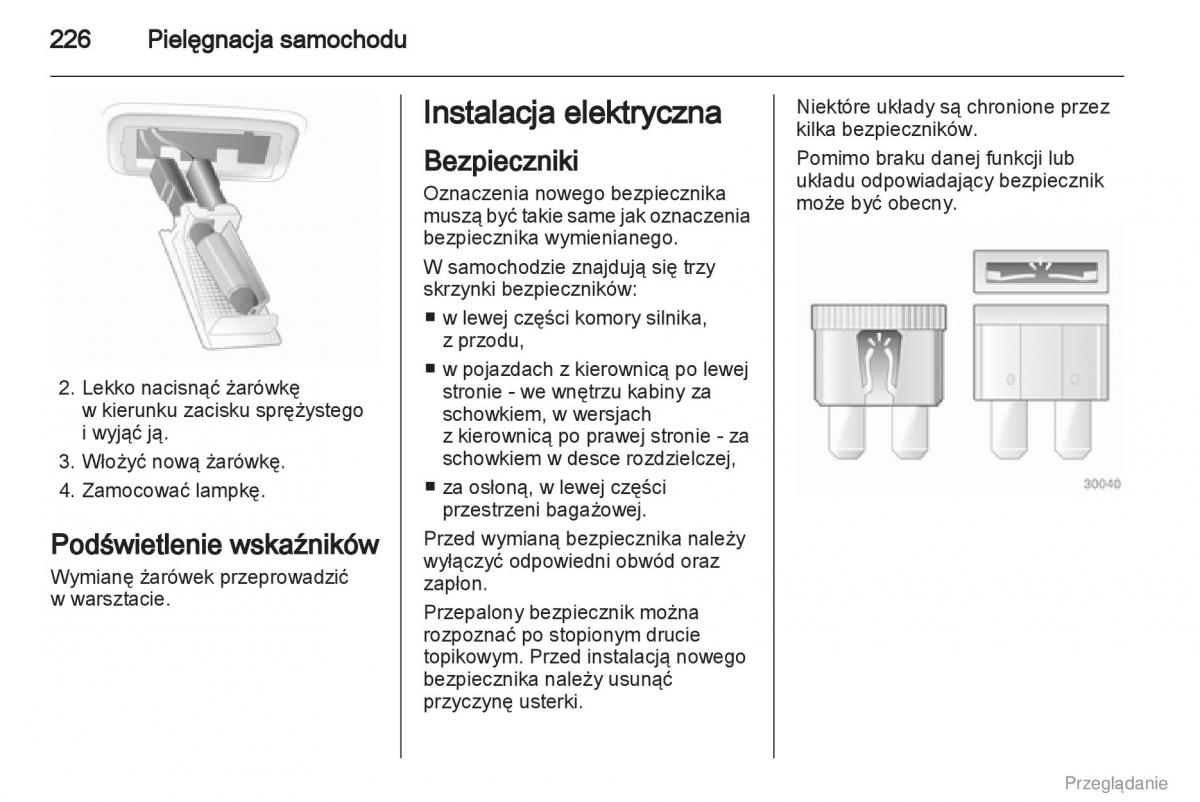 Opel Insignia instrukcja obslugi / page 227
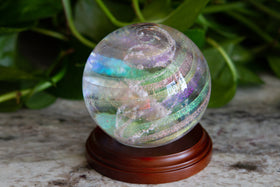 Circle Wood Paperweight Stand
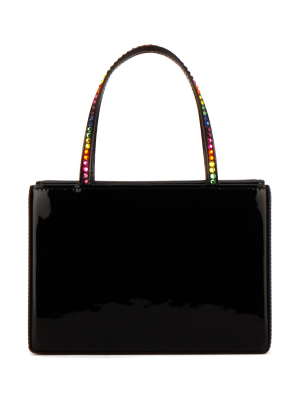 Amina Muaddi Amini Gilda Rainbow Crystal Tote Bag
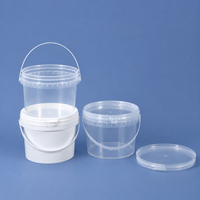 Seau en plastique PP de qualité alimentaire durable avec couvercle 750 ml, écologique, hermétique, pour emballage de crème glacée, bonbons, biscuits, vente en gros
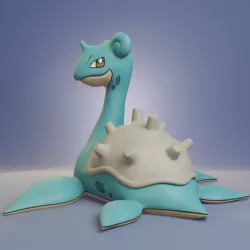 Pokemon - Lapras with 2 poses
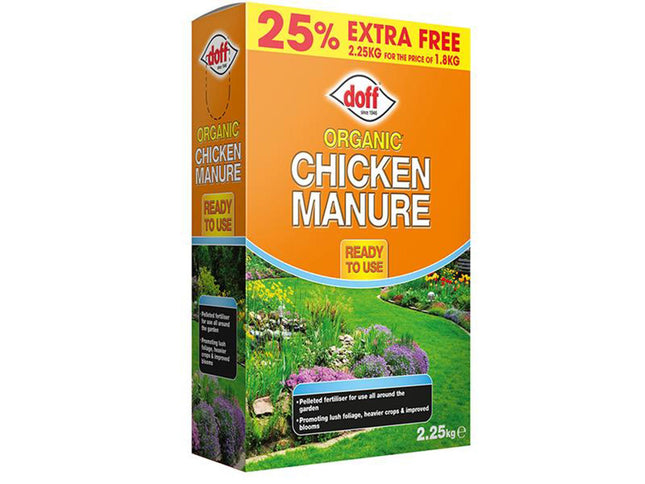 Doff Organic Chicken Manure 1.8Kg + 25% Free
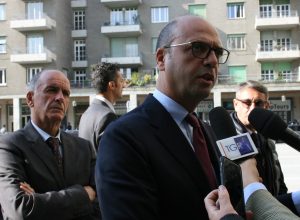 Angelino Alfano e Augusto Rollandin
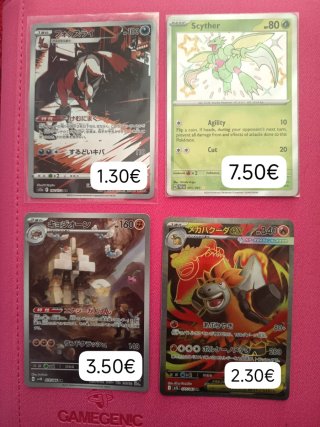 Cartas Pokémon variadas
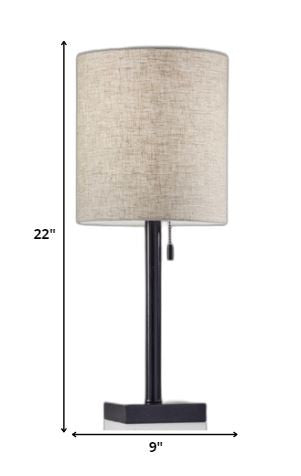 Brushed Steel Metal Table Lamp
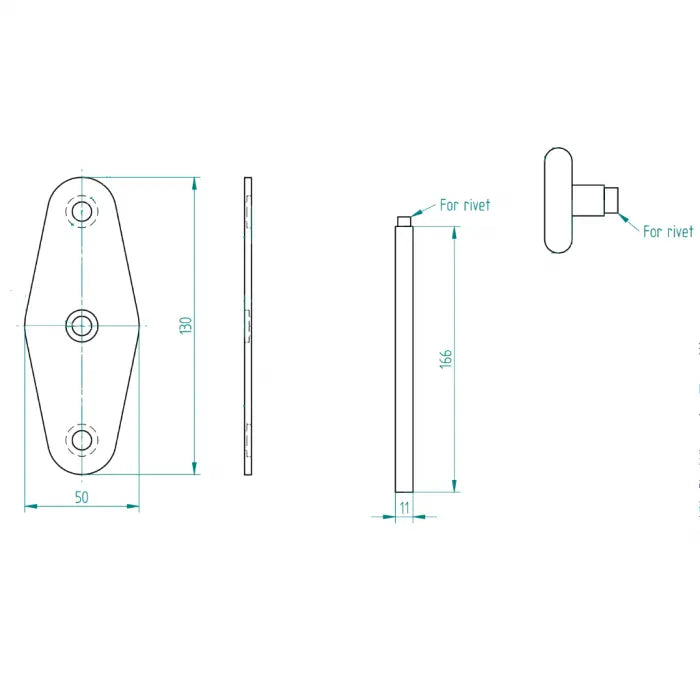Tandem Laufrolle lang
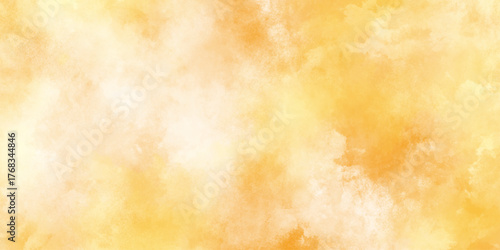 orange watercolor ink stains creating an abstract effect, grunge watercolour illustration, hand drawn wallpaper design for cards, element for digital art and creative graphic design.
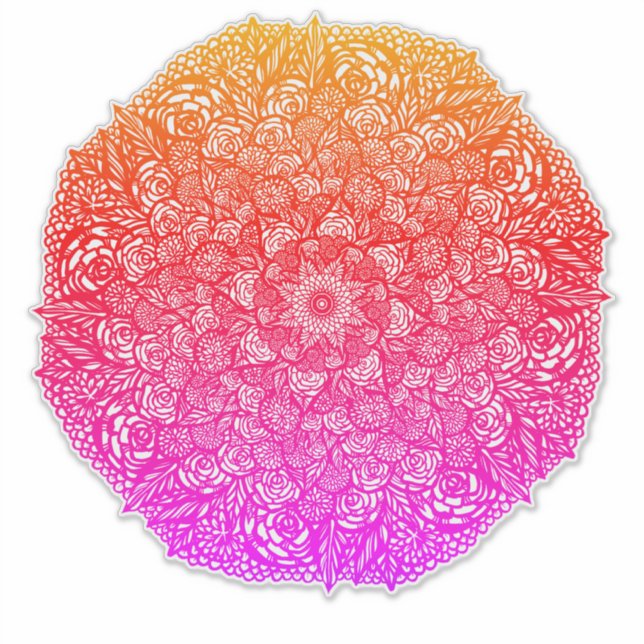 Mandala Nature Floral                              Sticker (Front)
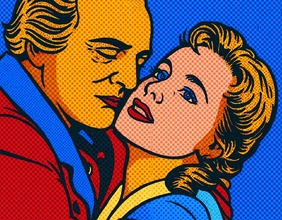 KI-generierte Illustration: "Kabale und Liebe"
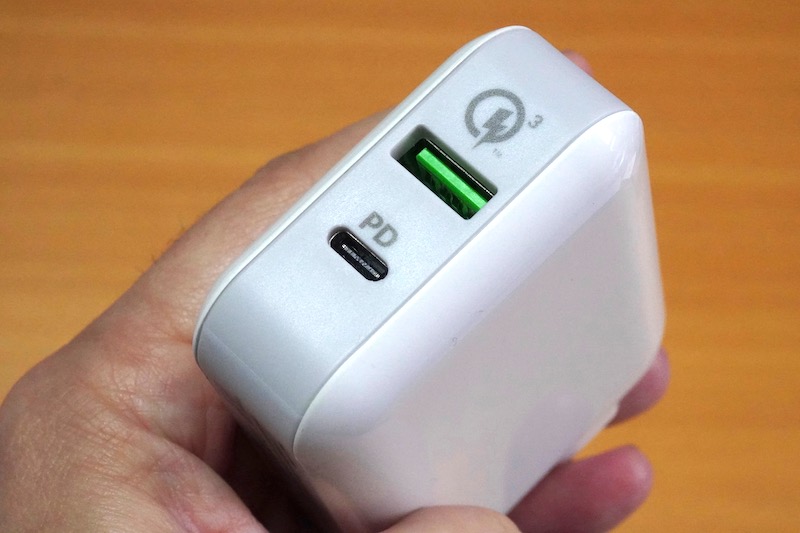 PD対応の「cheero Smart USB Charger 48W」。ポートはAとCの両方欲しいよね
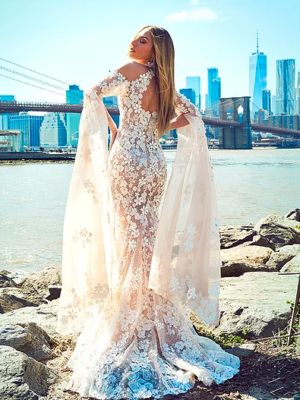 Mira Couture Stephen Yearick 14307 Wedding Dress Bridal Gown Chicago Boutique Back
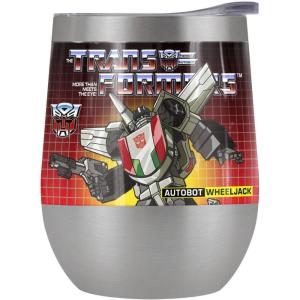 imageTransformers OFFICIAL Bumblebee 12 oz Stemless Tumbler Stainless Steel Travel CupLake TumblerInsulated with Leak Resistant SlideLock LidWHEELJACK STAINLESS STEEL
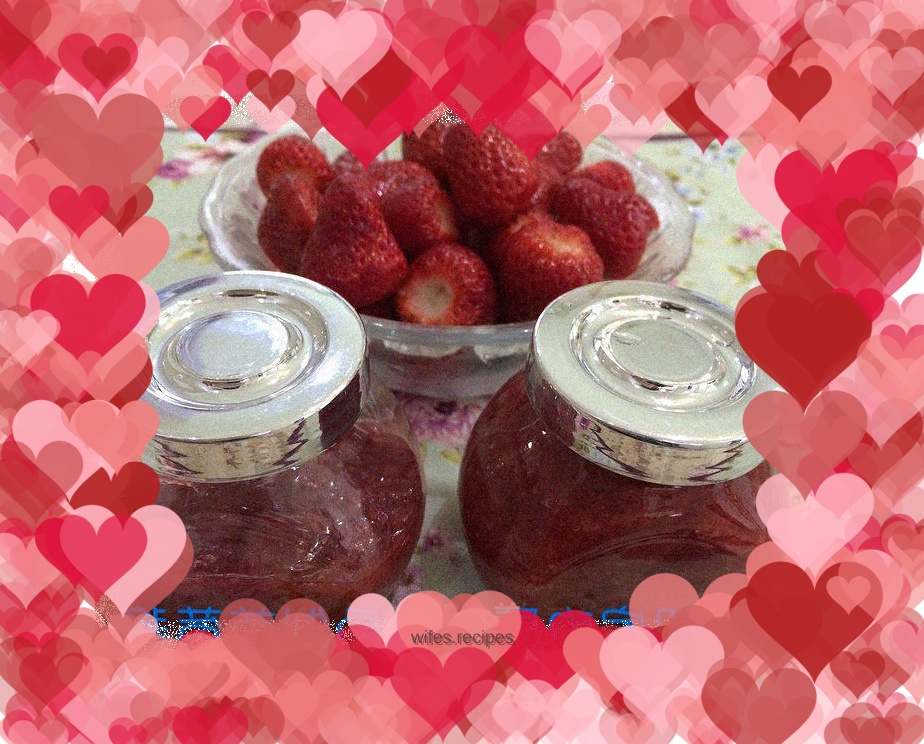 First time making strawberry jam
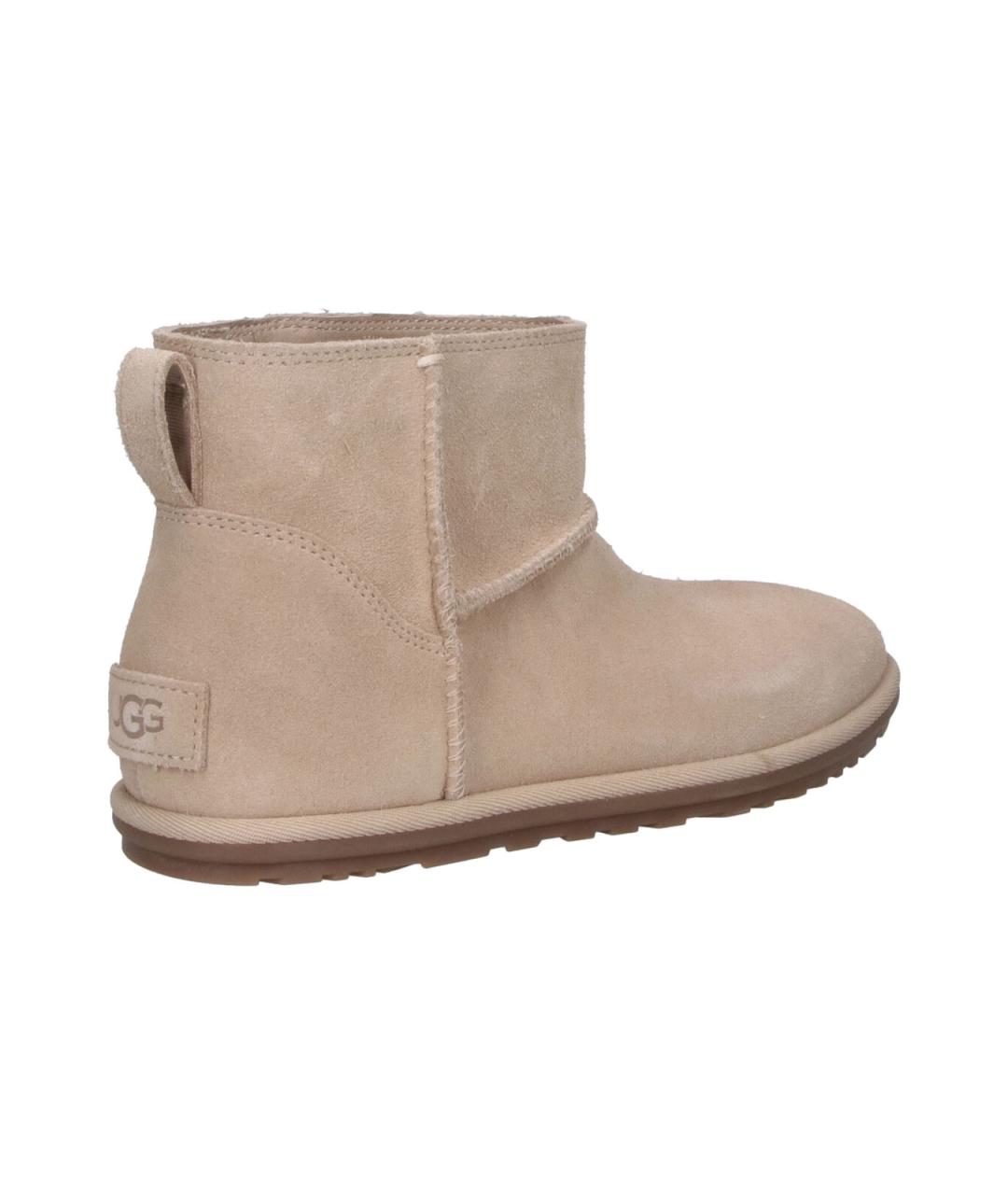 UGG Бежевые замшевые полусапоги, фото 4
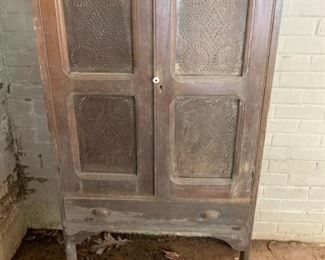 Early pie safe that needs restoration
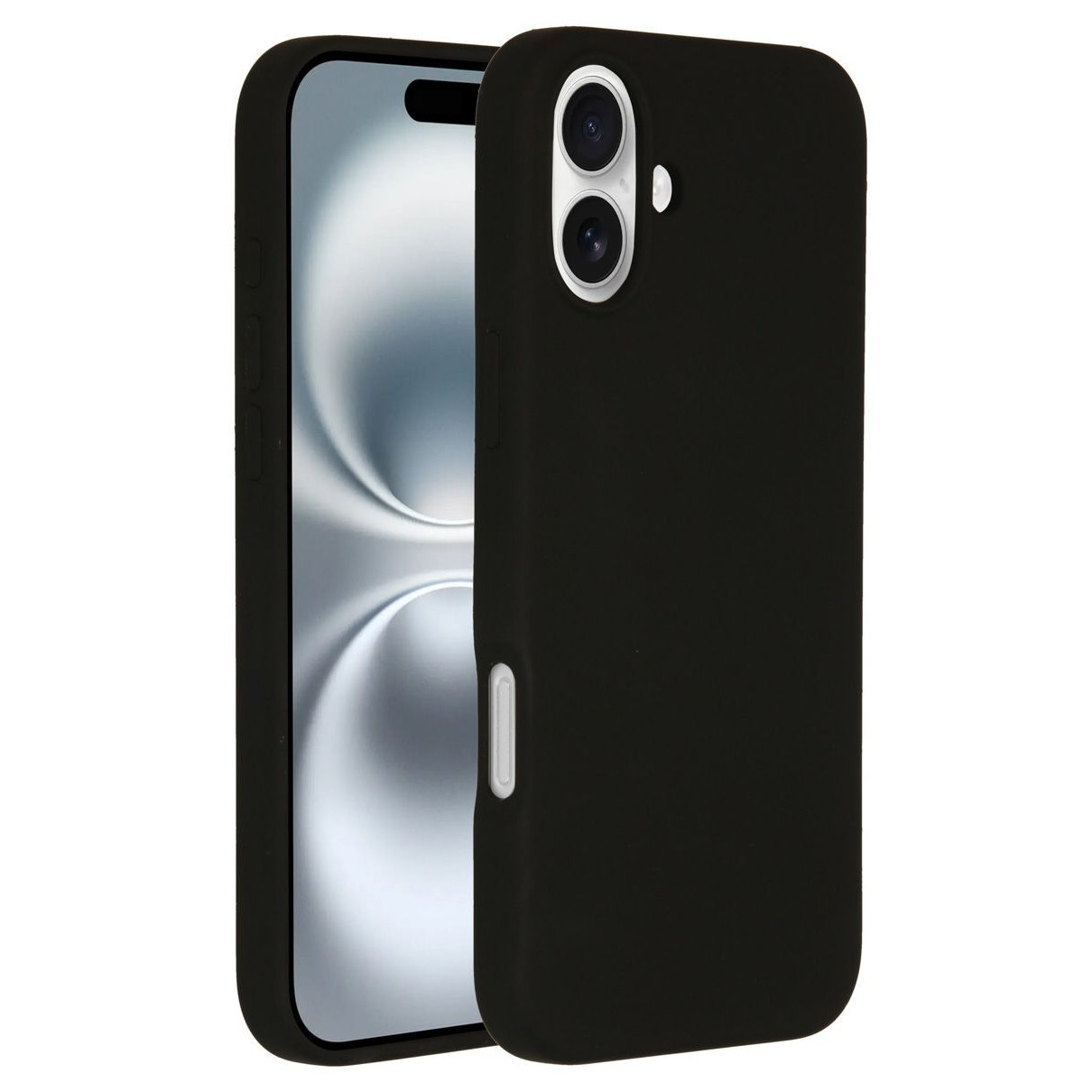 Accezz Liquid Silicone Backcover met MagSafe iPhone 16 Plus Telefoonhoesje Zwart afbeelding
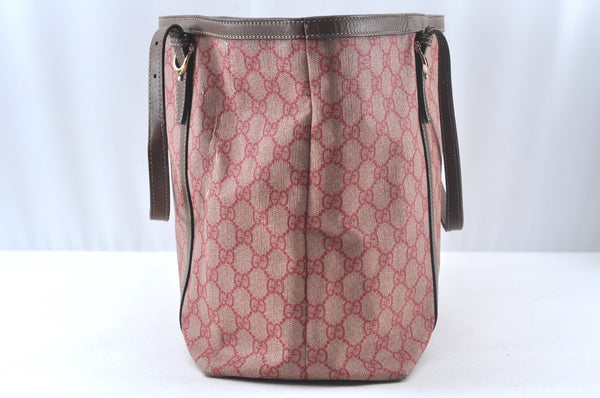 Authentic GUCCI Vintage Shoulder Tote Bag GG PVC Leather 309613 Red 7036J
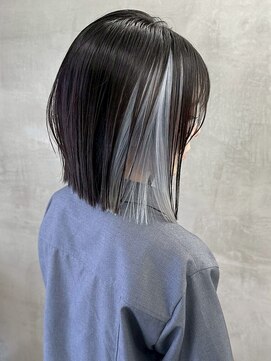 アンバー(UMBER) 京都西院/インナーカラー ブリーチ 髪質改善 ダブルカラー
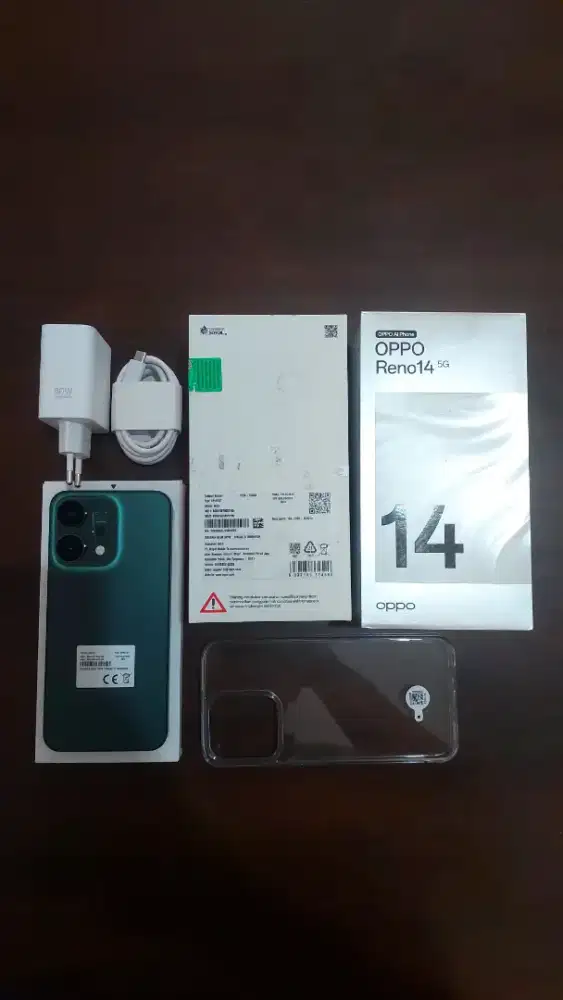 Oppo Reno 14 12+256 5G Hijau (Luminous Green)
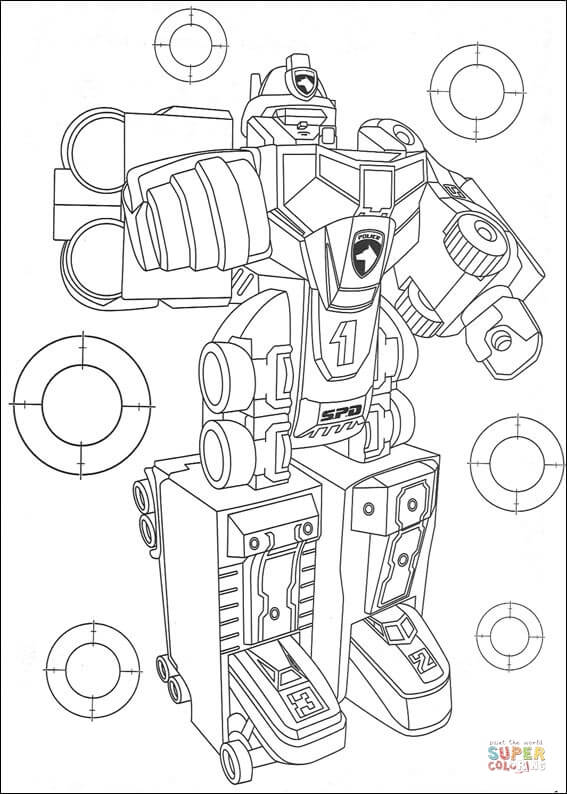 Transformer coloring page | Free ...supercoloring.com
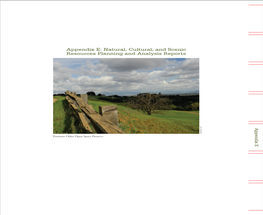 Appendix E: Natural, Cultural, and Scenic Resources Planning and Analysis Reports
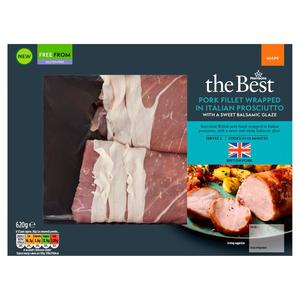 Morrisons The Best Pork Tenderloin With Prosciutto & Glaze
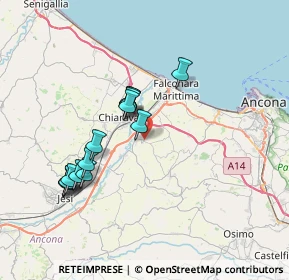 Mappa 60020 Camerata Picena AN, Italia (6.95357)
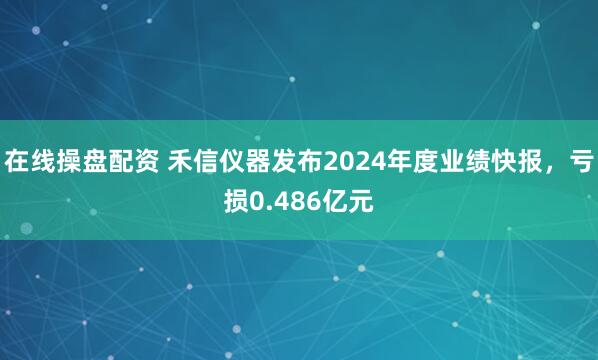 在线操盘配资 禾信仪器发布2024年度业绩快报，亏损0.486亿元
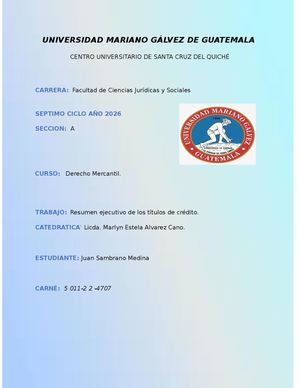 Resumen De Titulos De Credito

========

To do>
Print every entry above again without changing a word, and omit the pictures.

Worked solution>
 Opel Insignia instrukcja obslugi / page 227
 Circle Wood Paperweight Stand
 Amina Muaddi Amini Gilda Rainbow Crystal Tote Bag
 Seau en plastique PP de qualité alimentaire durable avec couvercle 750 ml, écologique, hermétique, pour emballage de crème glacée, bonbons, biscuits, vente en gros
 Pokemon - Lapras with 2 poses
 Doff Organic Chicken Manure 1.8Kg + 25% Free
 Angelino Alfano e Augusto Rollandin
 Cartas Pokémon variadas
 Brushed Steel Metal Table Lamp
Tandem Laufrolle lang
 orange watercolor ink stains creating an abstract effect, grunge watercolour illustration, hand drawn wallpaper design for cards, element for digital art and creative graphic design.
 Mandala Nature Floral                              Sticker (Front)
 KI-generierte Illustration: "Kabale und Liebe"
 PD対応の「cheero Smart USB Charger 48W」。ポートはAとCの両方欲しいよね
 Mira Couture Stephen Yearick 14307 Wedding Dress Bridal Gown Chicago Boutique Back
 imageTransformers OFFICIAL Bumblebee 12 oz Stemless Tumbler Stainless Steel Travel CupLake TumblerInsulated with Leak Resistant SlideLock LidWHEELJACK STAINLESS STEEL
 First time making strawberry jam
 UGG Бежевые замшевые полусапоги, фото 4
 Early pie safe that needs restoration
 Accezz Liquid Silicone Backcover met MagSafe iPhone 16 Plus Telefoonhoesje Zwart afbeelding
 Authentic GUCCI Vintage Shoulder Tote Bag GG PVC Leather 309613 Red 7036J
 アンバー(UMBER) 京都西院/インナーカラー ブリーチ 髪質改善 ダブルカラー
 Oppo Reno 14 12+256 5G Hijau (Luminous Green)
 Transformer coloring page | Free ...supercoloring.com
 Appendix E: Natural, Cultural, and Scenic Resources Planning and Analysis Reports
 Morrisons The Best Pork Tenderloin With Prosciutto & Glaze
 Mappa 60020 Camerata Picena AN, Italia (6.95357)
 在线操盘配资 禾信仪器发布2024年度业绩快报，亏损0.486亿元
 Resumen De Titulos De Credito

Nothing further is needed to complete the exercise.